_Work request_: Using the data below, set down every line from the one containing "2620 Queenswood Dr, Saanich, BC, V8N" through the one containing "Street view near", inclusive and unchanged. Pictures are to be skipped.

_Supplied data_:
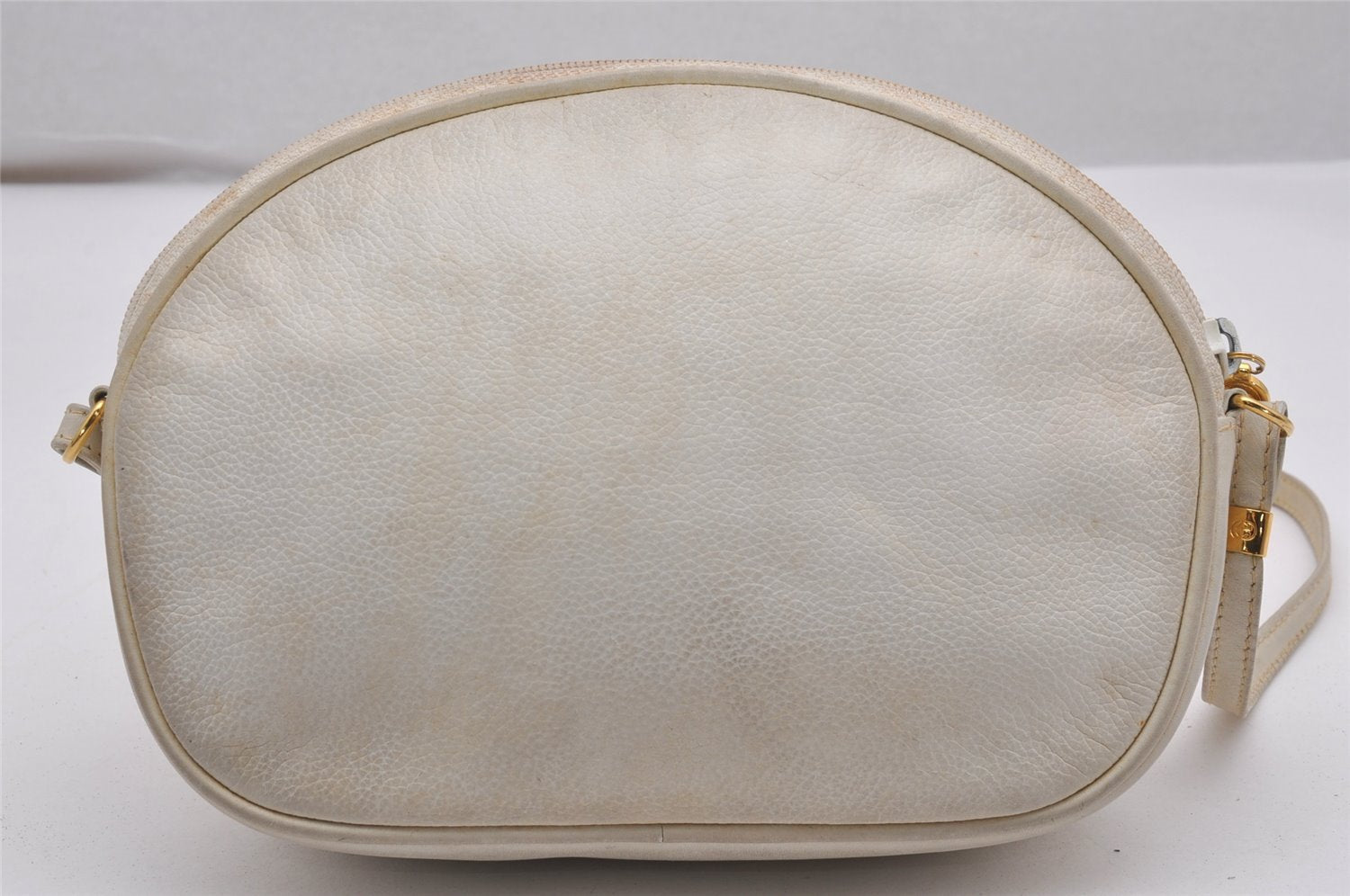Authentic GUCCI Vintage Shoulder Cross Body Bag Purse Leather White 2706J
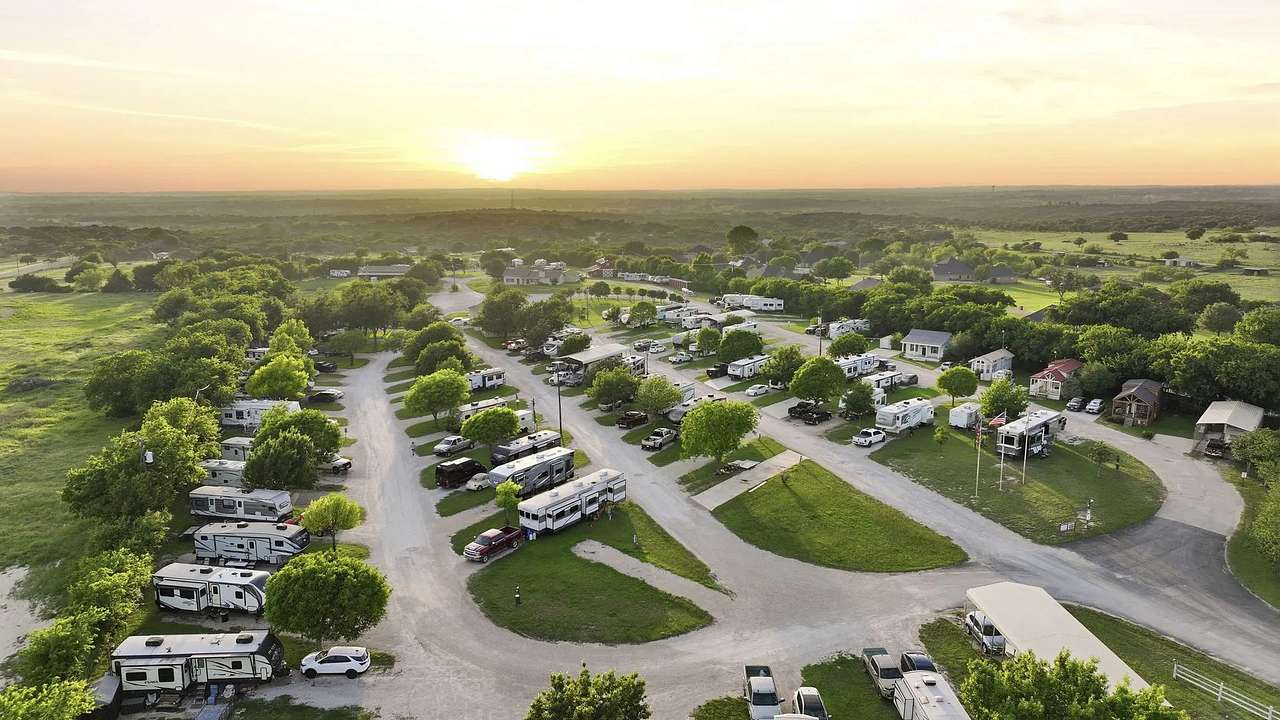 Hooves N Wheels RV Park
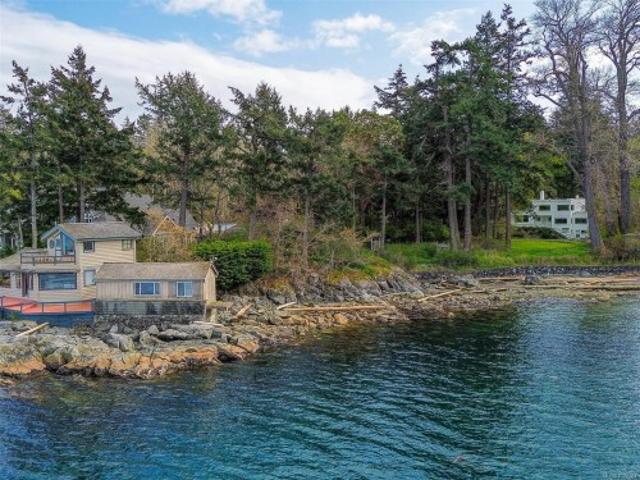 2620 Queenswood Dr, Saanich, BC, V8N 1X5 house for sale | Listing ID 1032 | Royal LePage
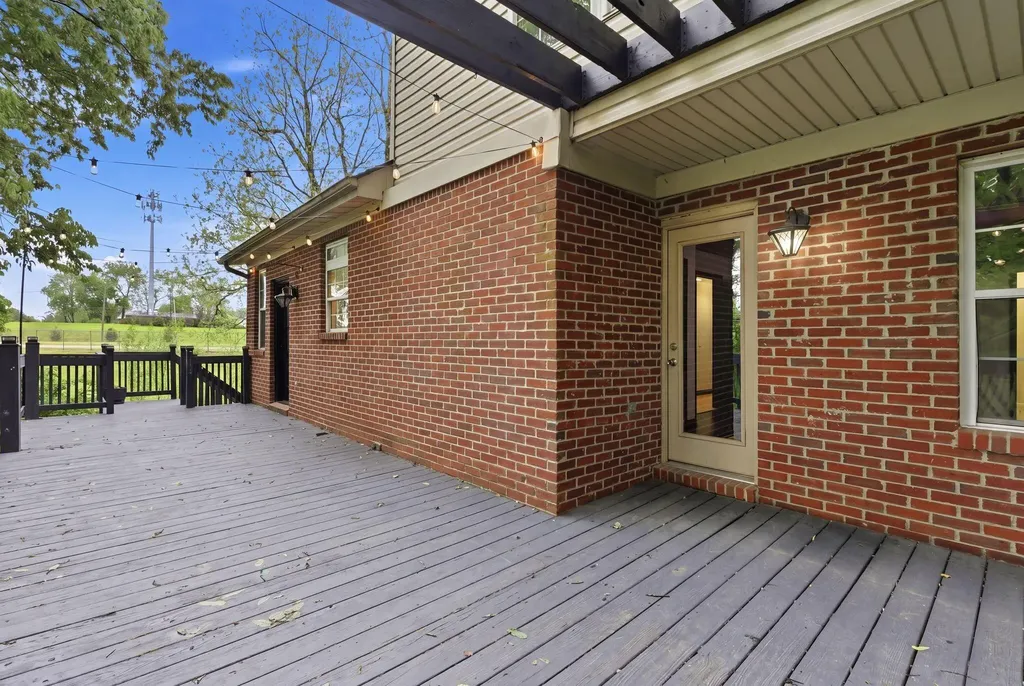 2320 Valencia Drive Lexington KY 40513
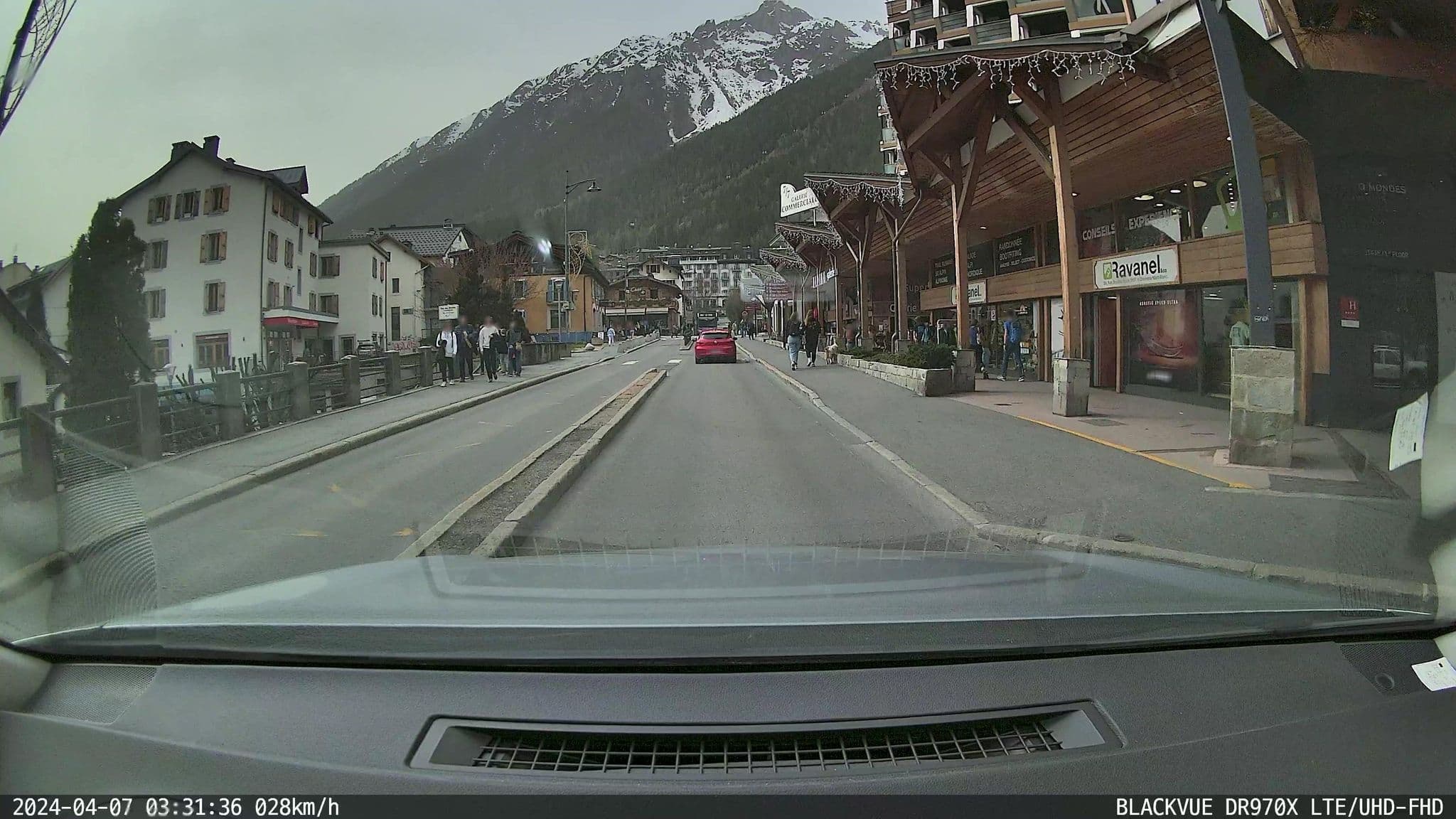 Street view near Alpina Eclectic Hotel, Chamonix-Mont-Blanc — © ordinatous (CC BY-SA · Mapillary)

* * *

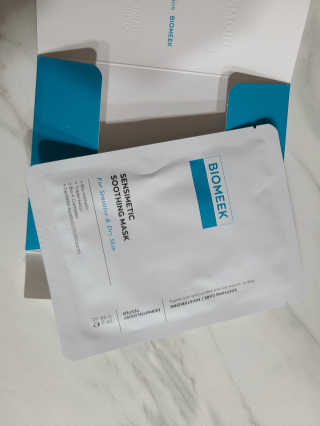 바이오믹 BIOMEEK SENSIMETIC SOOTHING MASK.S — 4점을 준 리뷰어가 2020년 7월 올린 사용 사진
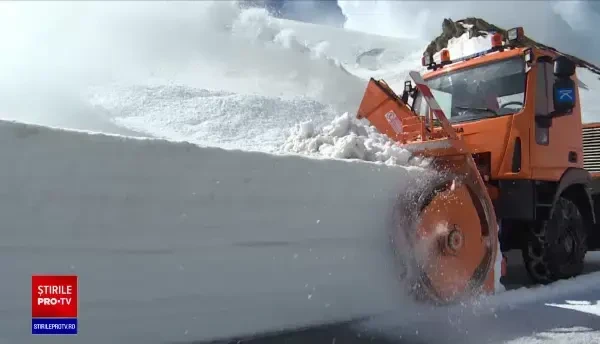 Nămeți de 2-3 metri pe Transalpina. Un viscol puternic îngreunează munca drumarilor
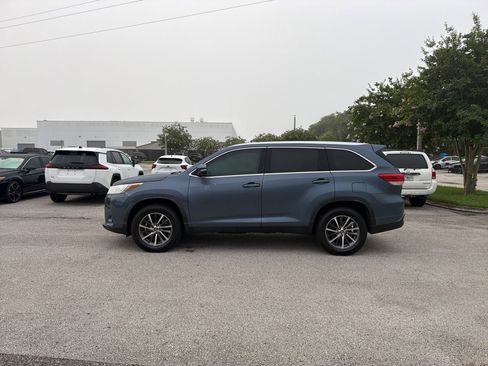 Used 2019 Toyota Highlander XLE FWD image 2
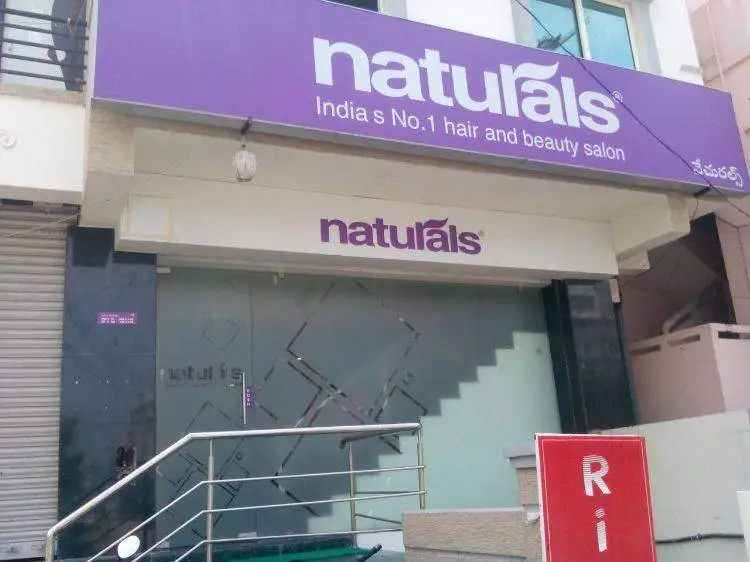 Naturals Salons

_Solution for this task_:
 2620 Queenswood Dr, Saanich, BC, V8N 1X5 house for sale | Listing ID 1032 | Royal LePage
 2320 Valencia Drive Lexington KY 40513
 Street view near Alpina Eclectic Hotel, Chamonix-Mont-Blanc — © ordinatous (CC BY-SA · Mapillary)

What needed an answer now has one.